#### [Supplied information]
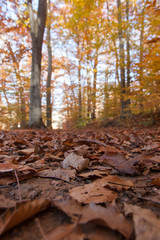 Obraz na płótnie Canvas View of the forest floor during autumn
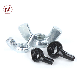 Carbon Steel /Stainless Steel Hex Nut/ Wing Nut /Flange Nut/ Square Nut /T Nut /Eye Nut manufacturer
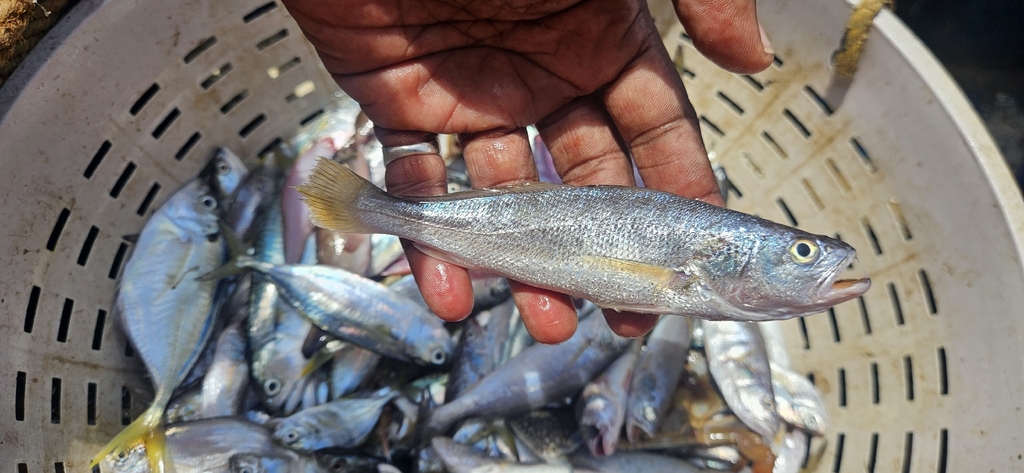Croaker (Otolithes ruber) — Sciaenidae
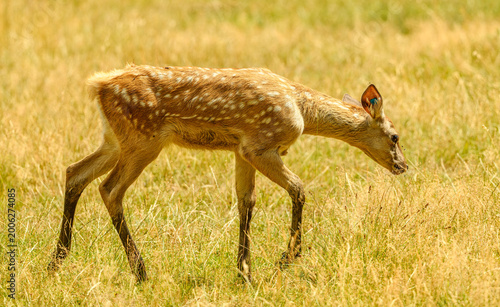 sika deer (Cervus nippon) aka Northern spotted deer or Japanese deer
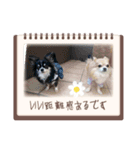 2匹Chihuahua（個別スタンプ：5）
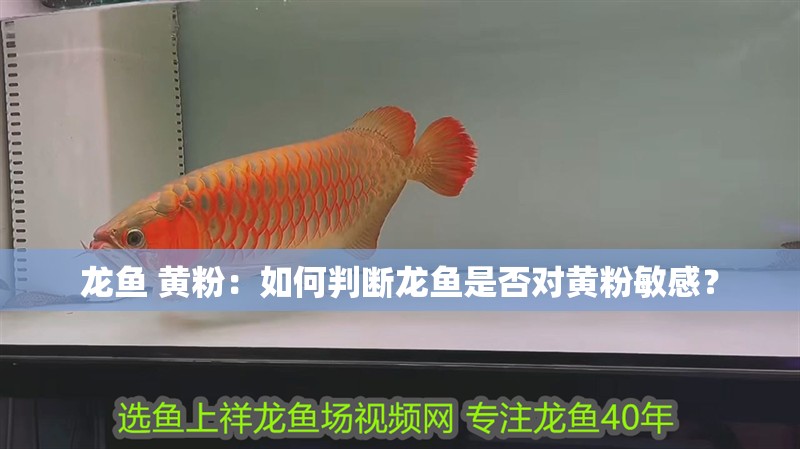 龍魚 黃粉：如何判斷龍魚是否對黃粉敏感？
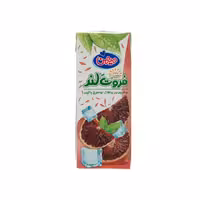 نکتار پرتقال توسرخ فروت لند میهن 200 میلی لیتری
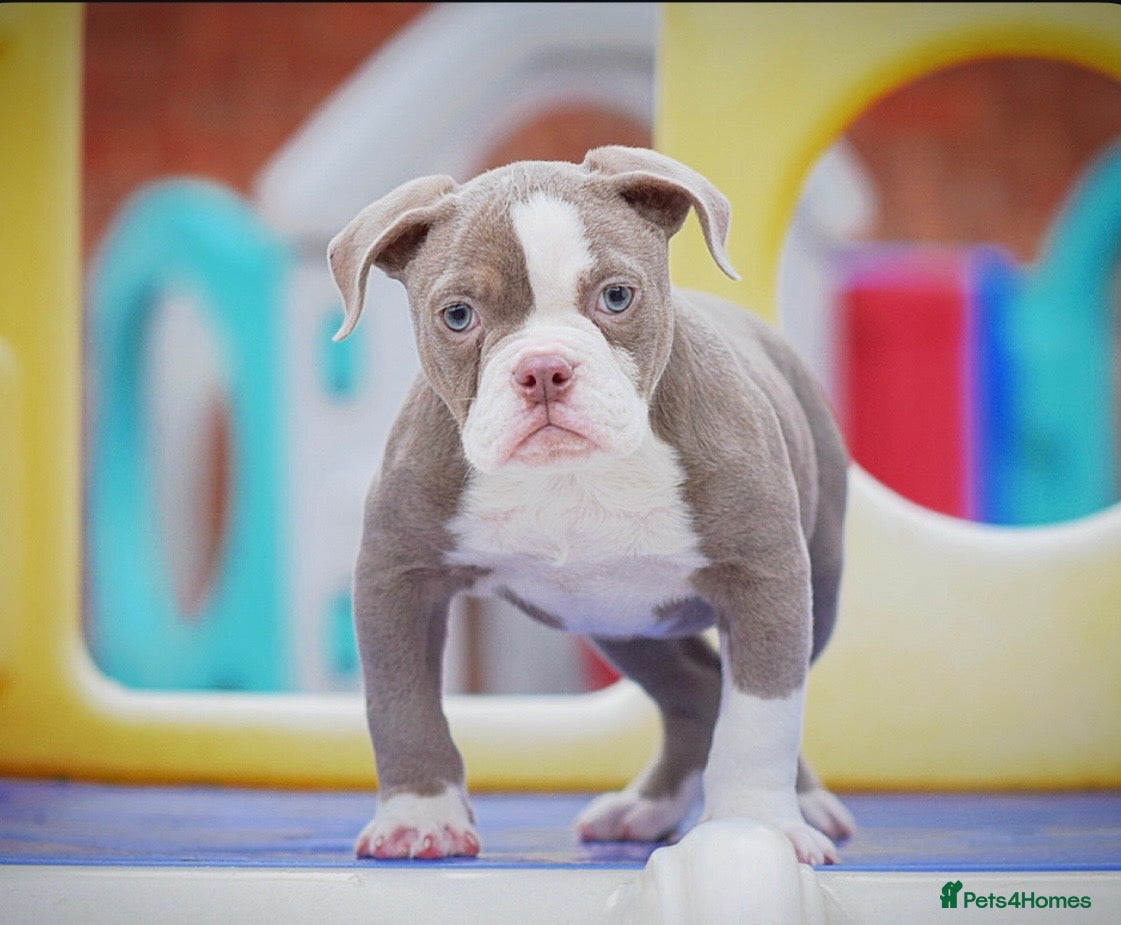 Old Tyme Bulldog dogs 5⭐️RATED COUNCIL APPROVED💥LICENSED 23 YEAR EXPERT - Advert 2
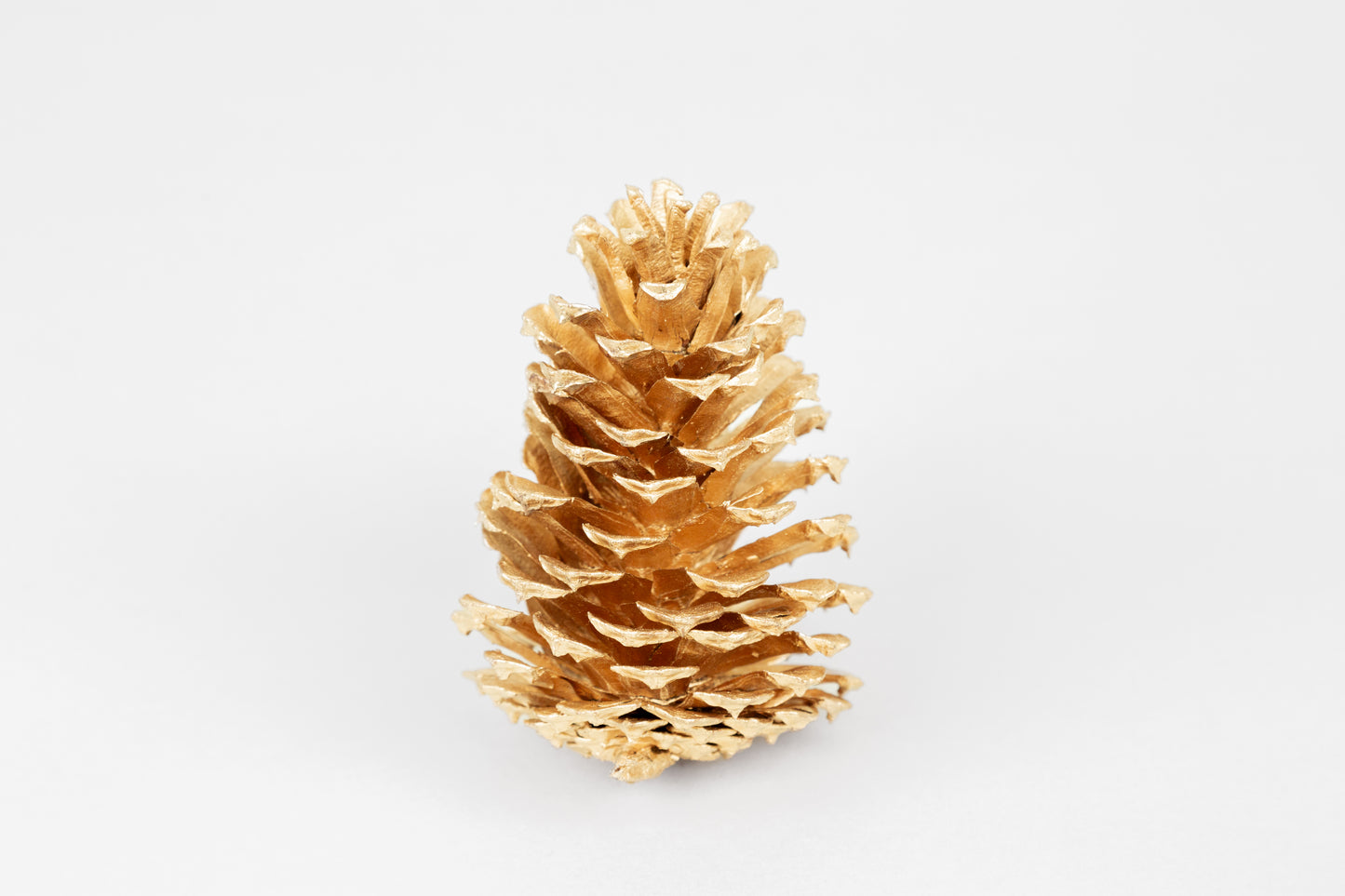 Slash Cones (4-6"), 100 Pcs - 18" Hyacinth Pick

#### [Task objective]
Copy out only the lines beginning at the line with "Old Tyme Bulldog" and ending at the last line of the entries. Keep them exact; drop pictures.

#### [Expected output]
 Old Tyme Bulldog dogs 5⭐️RATED COUNCIL APPROVED💥LICENSED 23 YEAR EXPERT - Advert 2
 Slash Cones (4-6"), 100 Pcs - 18" Hyacinth Pick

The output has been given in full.